→ Exercise details
The copy should begin at the line containing "thumbnail image 5" and end at the last line of the material. Please reproduce those lines exactly and keep pictures out.

→ Data block
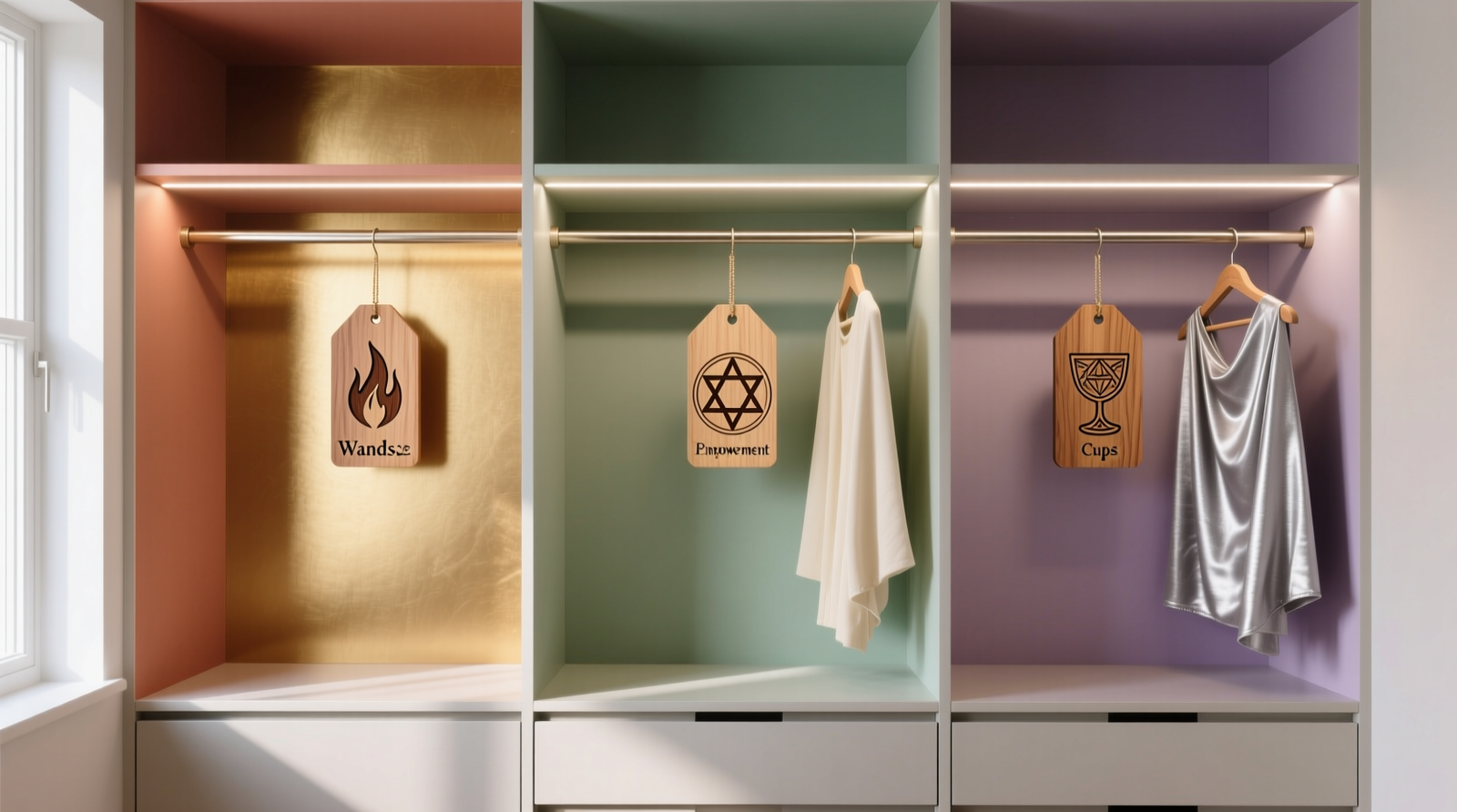 A minimalist walk-in closet with three clearly demarcated hanging sections: left in warm terracotta and gold (Wands/Empowerment), center in soft sage and cream (Pentacles/Grounding), right in misty lavender and silver (Cups/Intuition); each section features small engraved wooden tags shaped like tarot glyphs instead of text labels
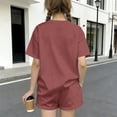 thumbnail image 5 of Fesfesfes Girls Two Piece Outfit Short Sleeve T Shirt and Shorts Set Casual Summer Play Clothes for Big Kids Toddler Youth Matching Top and Bottom Comfy Everyday Wear(Wine,4-5 Years), 5 of 6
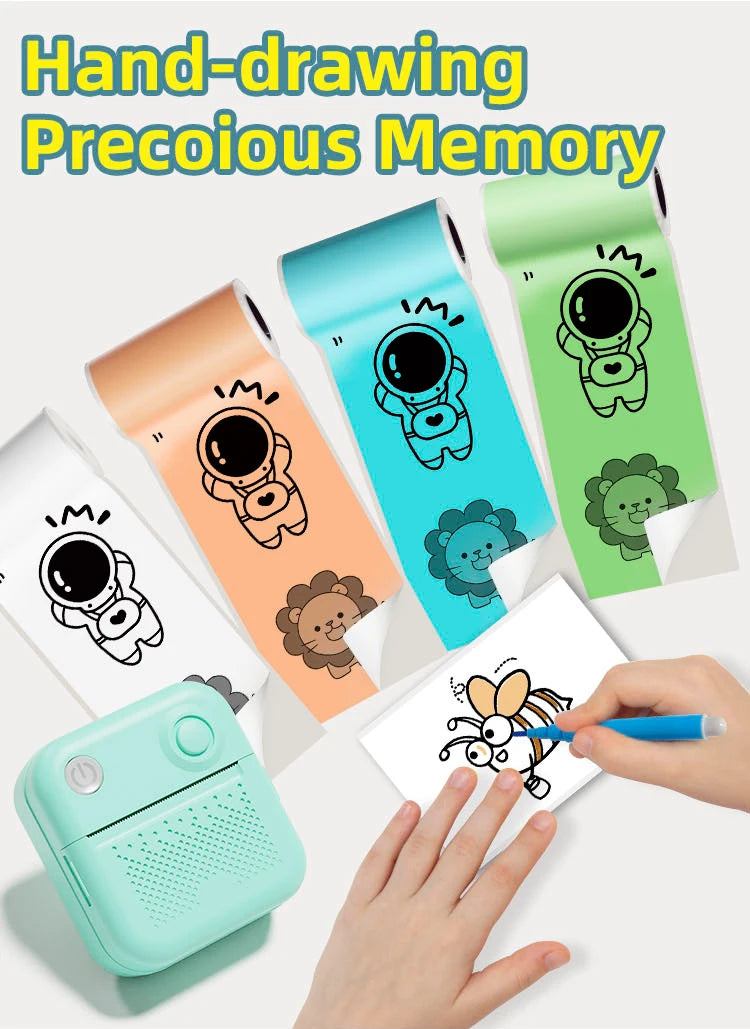 Thermal Laber Printer MINI Wirelessly BT 203dpi Photo Label Memo Wrong Question Printing With USB Cable Imprimante Portable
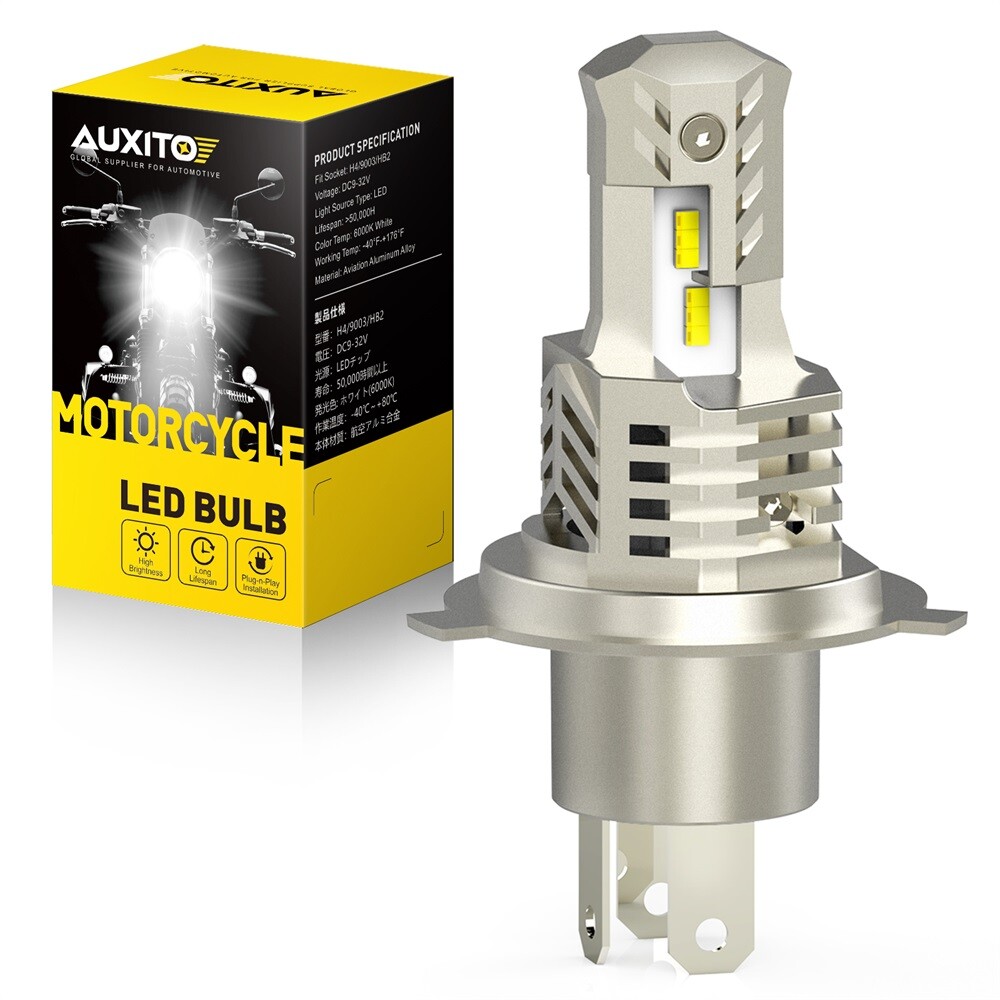 AUXITO H4 9003 HB2 LED Bulb Hi/Lo Beam White LED Motorcycle Headlight 10SF EOA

→ Result of the exercise
 thumbnail image 5 of Fesfesfes Girls Two Piece Outfit Short Sleeve T Shirt and Shorts Set Casual Summer Play Clothes for Big Kids Toddler Youth Matching Top and Bottom Comfy Everyday Wear(Wine,4-5 Years), 5 of 6
 Thermal Laber Printer MINI Wirelessly BT 203dpi Photo Label Memo Wrong Question Printing With USB Cable Imprimante Portable
 AUXITO H4 9003 HB2 LED Bulb Hi/Lo Beam White LED Motorcycle Headlight 10SF EOA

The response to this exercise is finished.